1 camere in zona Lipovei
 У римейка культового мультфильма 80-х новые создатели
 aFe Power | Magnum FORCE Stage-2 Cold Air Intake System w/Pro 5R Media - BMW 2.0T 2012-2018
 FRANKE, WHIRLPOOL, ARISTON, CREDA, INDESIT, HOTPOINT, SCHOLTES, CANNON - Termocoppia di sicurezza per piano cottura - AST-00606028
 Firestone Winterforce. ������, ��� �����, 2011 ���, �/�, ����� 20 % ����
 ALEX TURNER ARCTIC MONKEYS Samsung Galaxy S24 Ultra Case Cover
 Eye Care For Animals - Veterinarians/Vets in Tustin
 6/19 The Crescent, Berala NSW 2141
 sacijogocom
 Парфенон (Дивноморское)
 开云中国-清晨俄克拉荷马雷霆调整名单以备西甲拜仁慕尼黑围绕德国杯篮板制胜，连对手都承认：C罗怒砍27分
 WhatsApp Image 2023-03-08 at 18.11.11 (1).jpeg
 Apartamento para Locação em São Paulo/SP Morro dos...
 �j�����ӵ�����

===============

### BRIEF:
Go through the entries above and reproduce each one exactly.

### EXERCISE OUTPUT:
1 camere in zona Lipovei
 У римейка культового мультфильма 80-х новые создатели
 aFe Power | Magnum FORCE Stage-2 Cold Air Intake System w/Pro 5R Media - BMW 2.0T 2012-2018
 FRANKE, WHIRLPOOL, ARISTON, CREDA, INDESIT, HOTPOINT, SCHOLTES, CANNON - Termocoppia di sicurezza per piano cottura - AST-00606028
 Firestone Winterforce. ������, ��� �����, 2011 ���, �/�, ����� 20 % ����
 ALEX TURNER ARCTIC MONKEYS Samsung Galaxy S24 Ultra Case Cover
 Eye Care For Animals - Veterinarians/Vets in Tustin
 6/19 The Crescent, Berala NSW 2141
 sacijogocom
 Парфенон (Дивноморское)
 开云中国-清晨俄克拉荷马雷霆调整名单以备西甲拜仁慕尼黑围绕德国杯篮板制胜，连对手都承认：C罗怒砍27分
 WhatsApp Image 2023-03-08 at 18.11.11 (1).jpeg
 Apartamento para Locação em São Paulo/SP Morro dos...
 �j�����ӵ�����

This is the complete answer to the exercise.